U.S. bases in Iraq hit by Iranian missiles a retaliation for Gen. Qassems killing by U.S. drone
Iranian missiles hit two U.S. bases in Iraq at 1:30 AM in Iraq on January 8, 2020  (Map source: Army Recognition)


Iran claims it launched ten Fateh-110 as well as Quiam short-range ballistic missiles—the Pentagon reported “over a dozen”—at U.S. forces in Iraq in at least two locations: Ain-al-Asad airbase and Erbil, in central and northern Iraq respectively. One struck a base in Erbil in Iraq’s semiautonomous Kurdish region. Longer-range, liquid-fuel Qiam ballistic missiles may have been used in the attack on strike Ain-al-Asad as well. Four missiles failed to hit their targets. None of both bases hit were protected by Patriot or other adequate air defense systems, which the Iranians knew as they couldn't afford a political failure in their operation.

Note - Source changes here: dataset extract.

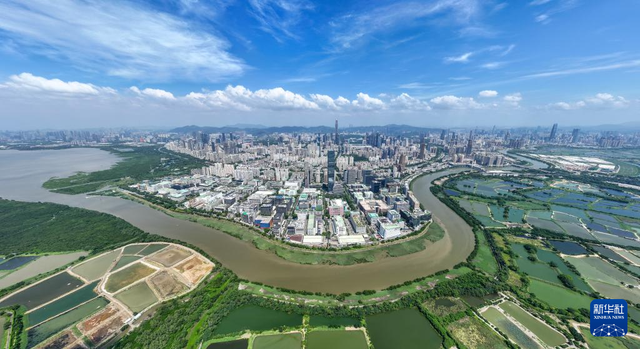 新时期中国调研止之看地区·年夜湾区篇丨天空之眼瞰故国-21.jpg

The Qiam is a short-range ballistic missile designed and built by Iran. It was developed from the Iranian Shahab-2, a licensed copy of the North Korean Hwasong-6, all of which are versions of the Soviet Scud-C missile. The Qiam 1 entered service in 2010, with a range of 750 km (470 mi) and 500 m (1,600 ft) (CEP) accuracy.

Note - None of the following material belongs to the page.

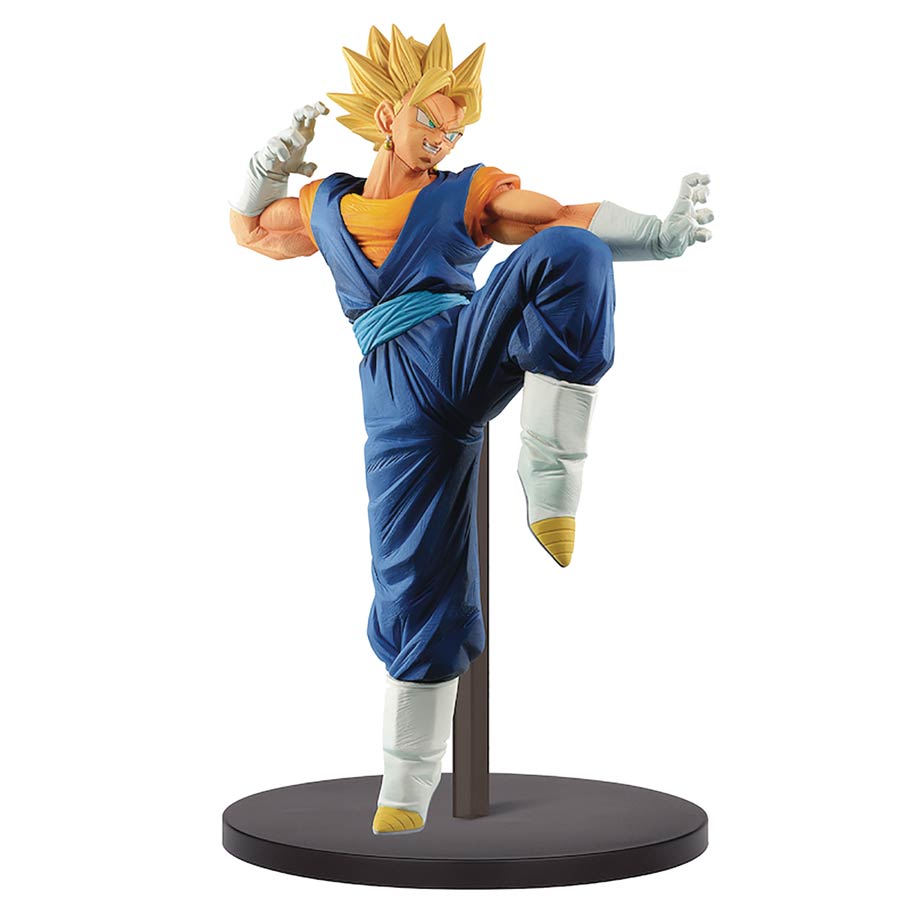 Dragon Ball Super Son Goku FES Vol 11 Figure - Super Saiyan Vegito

The Fateh A-110 is a short-range, road-mobile, solid-propellant ballistic missile based on the Russian made missile R-65 FROG, but other sources said it is a copy of the Chinese DF-11. It is most likely a modified version of the unguided Zelzal-2 ground-to-ground missile, with the addition of control and guidance systems. The Fateh-110 is a single-stage, solid-propellant, surface-to-surface missile. Produced in Iran, it has a range of at least 200 km. Some sources on the Internet indicate that the missile is 8.86 m long, 0.61 m in diameter, and weighs 3,450 kg. It uses a single-stage solid-propellant engine and has a range of 210 km (130 miles), although it is possible that Iran will add extra boosters in order to increase its range to 400 km (249 miles).

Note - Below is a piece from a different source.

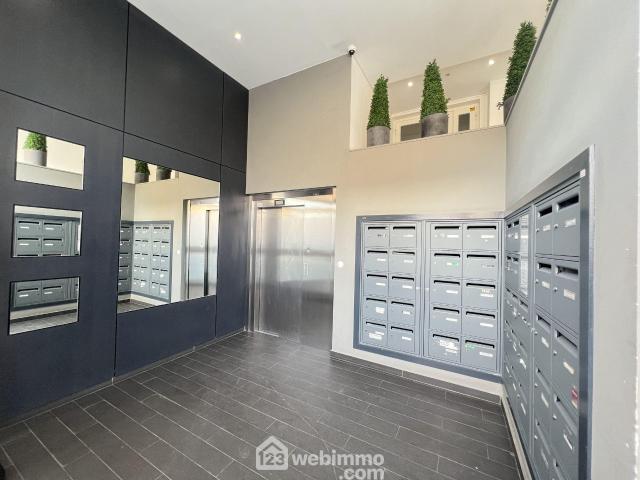 Appartement 39.57m² Vitry Sur Seine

Ain al-Asad airbase, one of the targeted bases by Iran, is a large hub for U.S. forces in Iraq. The base, a sprawling complex about 110 miles northwest of Baghdad located in the western Anbar desert, houses about 1,500 members of the U.S. military and the U.S.-led coalition fighting ISIS. In addition to the 1,500 U.S. and coalition forces, about 70 Norwegian troops were at Ain al-Asad at the time of the attack.

The Pentagon is assessing the damages before taking attitude, Iran claiming 80 killed U.S. servicemen in a fierce communication/media battle between both enemies. “All is well, so far so good” as tweeted by President Trump might be disputed. The Federal Aviation Administration is barring U.S. pilots and carriers from flying in areas of Iraqi, Iranian and some Persian Gulf airspace. Such restrictions are often precautionary in nature to prevent civilian aircraft from being confused for ones engaged in armed conflict. Other airlines are following the move. And oil prices are already sharply increasing. Iranian cyberattacks are naturally expected.

Chief of Staff of the Iranian Armed Forces warned the US that any new evil act will draw Iran’s “stronger, more crushing, and broader” response, hours after the IRGC stormed two US military bases in Iraq in retaliation for the assassination of Lt. General Qassem Soleimani. He said the attacks on the American forces in Iraq revealed only a tiny part of the capabilities of the Iranian Armed Forces and was carried out in response to the US terrorist move to assassinate General Soleimani. “From now on, any new evil act by the US will face a stronger and more crushing response with a broader range,” the senior Iranian general added.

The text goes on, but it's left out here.